Taking action for agriculture: countdown to Doha

In the last few years, great strides have been made towards agriculture’s inclusion on the official climate change policy agenda. Finally, issues related to farming, food and sustainable agriculture have gained recognition, both due to the pressing urgency for adapting farming practices to a changing climate, but also for the potential mitigation benefits. At the upcoming UN climate change meeting (COP18), in Doha later this year, countries will not discuss whether agriculture should be considered in international climate policy, but how it can help to achieve mitigation and adaptation goals.

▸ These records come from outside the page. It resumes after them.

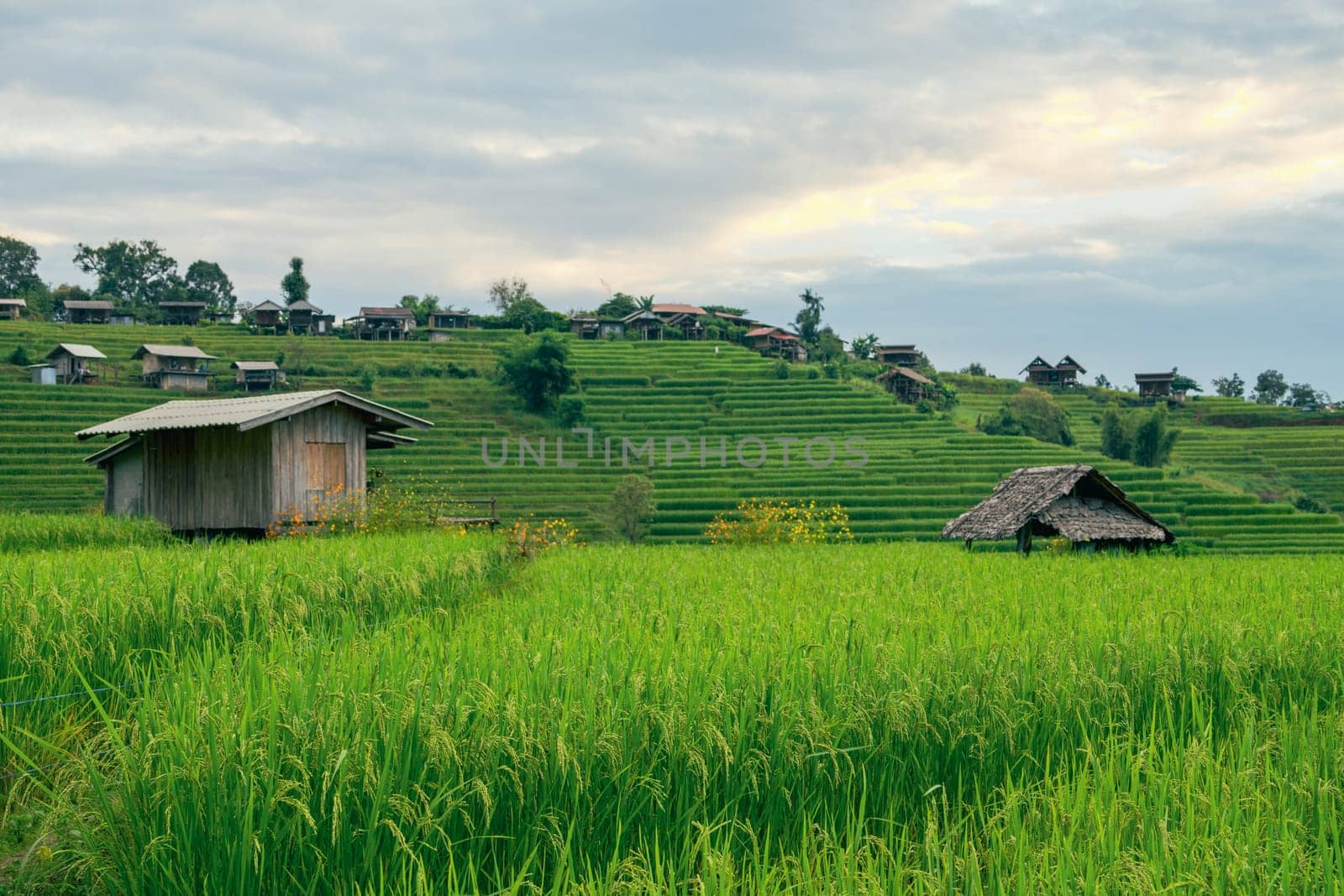 Landscape of green rice terraces amidst mountain agriculture. Travel destinations in Chiangmai, Thailand. Terraced rice fields. Traditional farming. Asian food. Thailand tourism. Nature landscape. by Fahroni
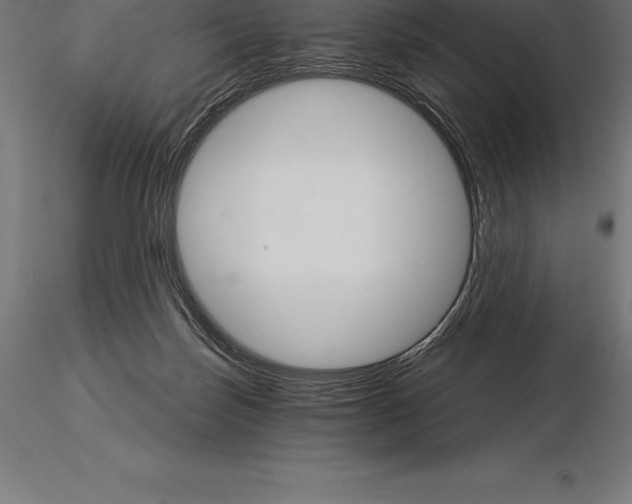 X0000115270171200912111211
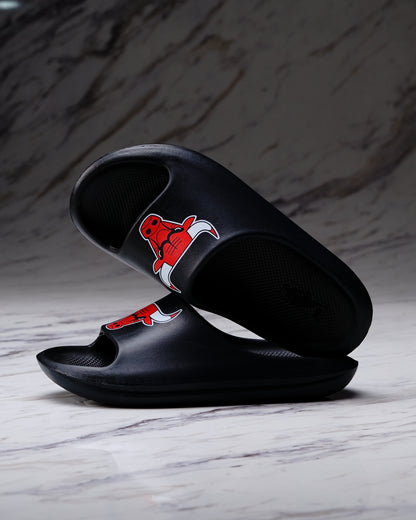 SLIDE NBA CHICAGO BULLS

In 2008, parties requested the UNFCCC secretariat to prepare a technical paper on the challenges and opportunities for mitigation in the agricultural sector, which was finalized later that year. Agriculture was thereafter included in the official UNFCCC meeting agenda during COP15 in Copenhagen, in 2009, where parties tried to work out a formal decision. Even if agriculture was recognized as important in tackling climate change, parties failed to agree on a legally binding agreement. This was repeated the year after, during COP16 in Cancun, which again failed to produce anything concrete. During COP17 in Durban, parties could only agree to further the discussions, during the Subsidiary Body for Scientific and Technological Advice in May earlier this year.  Here the discussions were heated, but formally, the outcome was a very general one: agriculture is now to be discussed as part of the official COP18 agenda in Doha later this year. Even if no formal decision has been made, the discussions have paved the way for what an agricultural work programme should include and the understanding that agriculture is one of the most vulnerable sectors to climate change.